* **Task requirements**: Retype exactly the span of lines below from the one with "Tangai,Afghanistan Elevation Map" through the one with "Men's BURBERRY Size". Do not include pictures.

* **Material shown**:
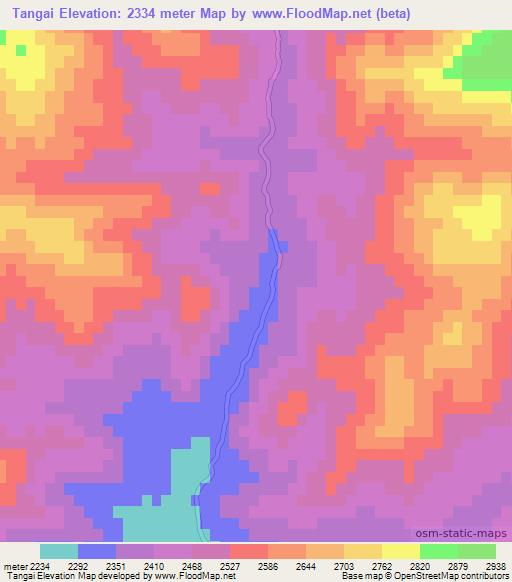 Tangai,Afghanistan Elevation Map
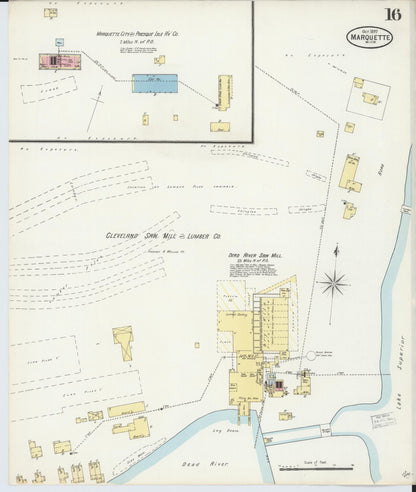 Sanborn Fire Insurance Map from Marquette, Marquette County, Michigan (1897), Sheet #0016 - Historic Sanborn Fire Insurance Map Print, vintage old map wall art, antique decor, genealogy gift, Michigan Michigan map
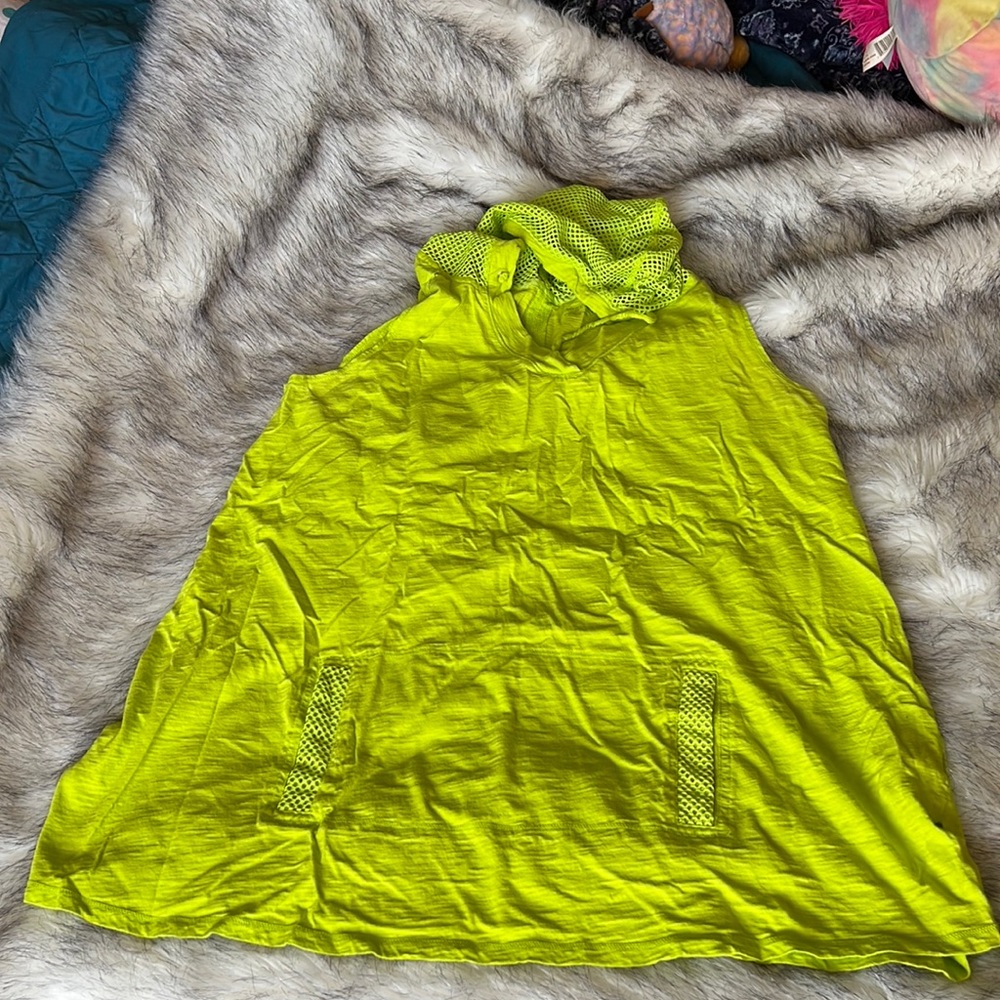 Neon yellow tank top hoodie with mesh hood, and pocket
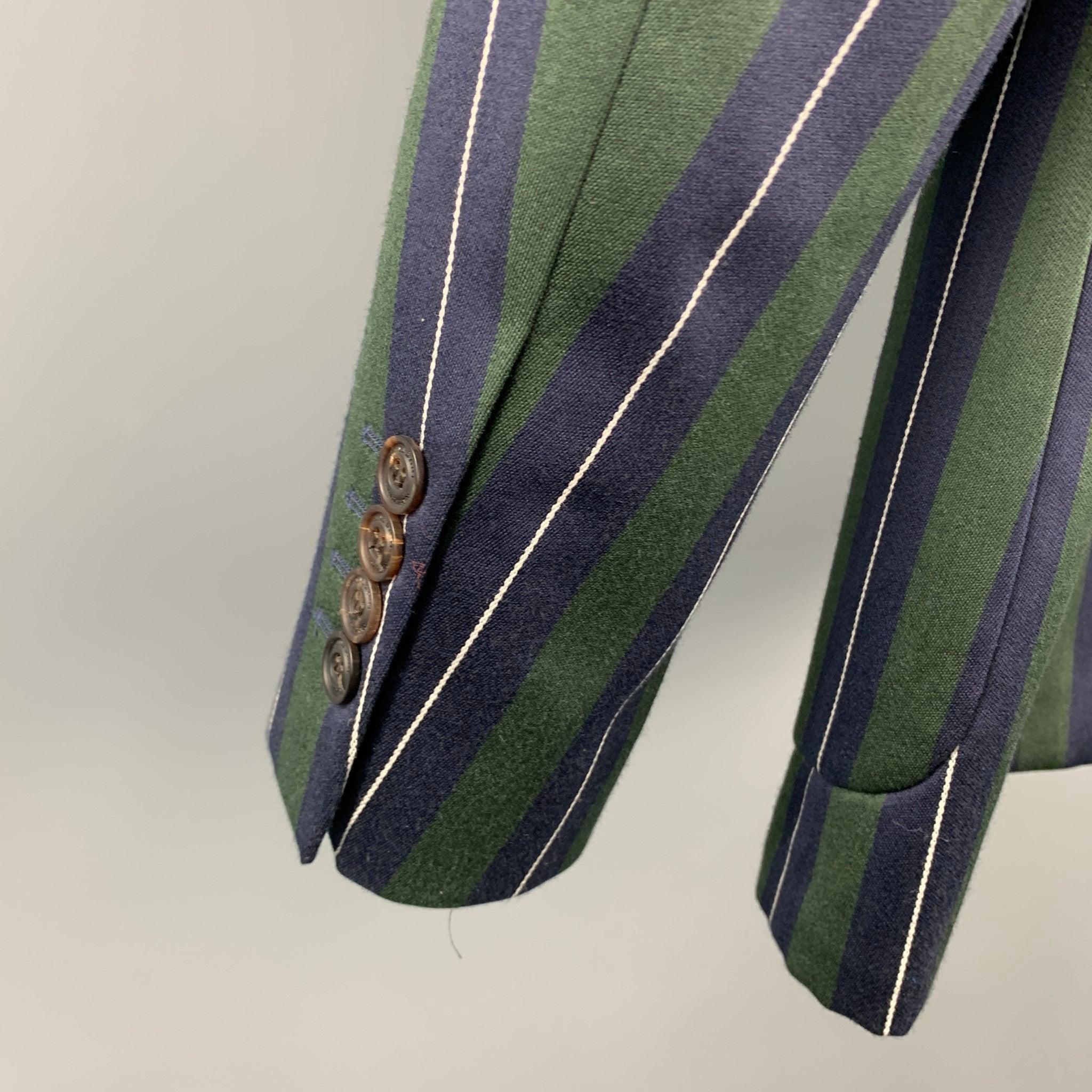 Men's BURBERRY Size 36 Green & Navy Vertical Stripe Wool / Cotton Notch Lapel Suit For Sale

* * *

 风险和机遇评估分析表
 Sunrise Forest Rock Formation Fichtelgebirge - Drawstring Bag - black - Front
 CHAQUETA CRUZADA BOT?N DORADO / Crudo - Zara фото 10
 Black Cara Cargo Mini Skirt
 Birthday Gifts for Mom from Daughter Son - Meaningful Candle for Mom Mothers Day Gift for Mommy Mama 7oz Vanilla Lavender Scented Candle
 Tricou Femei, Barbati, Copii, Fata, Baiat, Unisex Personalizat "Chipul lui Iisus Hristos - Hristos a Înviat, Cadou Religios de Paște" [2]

* * *

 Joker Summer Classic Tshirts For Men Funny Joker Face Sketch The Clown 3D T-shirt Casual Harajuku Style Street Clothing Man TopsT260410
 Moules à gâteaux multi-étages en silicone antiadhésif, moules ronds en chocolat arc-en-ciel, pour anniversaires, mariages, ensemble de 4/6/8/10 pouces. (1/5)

* **Written answer**:
 Tangai,Afghanistan Elevation Map
 Sanborn Fire Insurance Map from Marquette, Marquette County, Michigan (1897), Sheet #0016 - Historic Sanborn Fire Insurance Map Print, vintage old map wall art, antique decor, genealogy gift, Michigan Michigan map
 Neon yellow tank top hoodie with mesh hood, and pocket
 Men's BURBERRY Size 36 Green & Navy Vertical Stripe Wool / Cotton Notch Lapel Suit For Sale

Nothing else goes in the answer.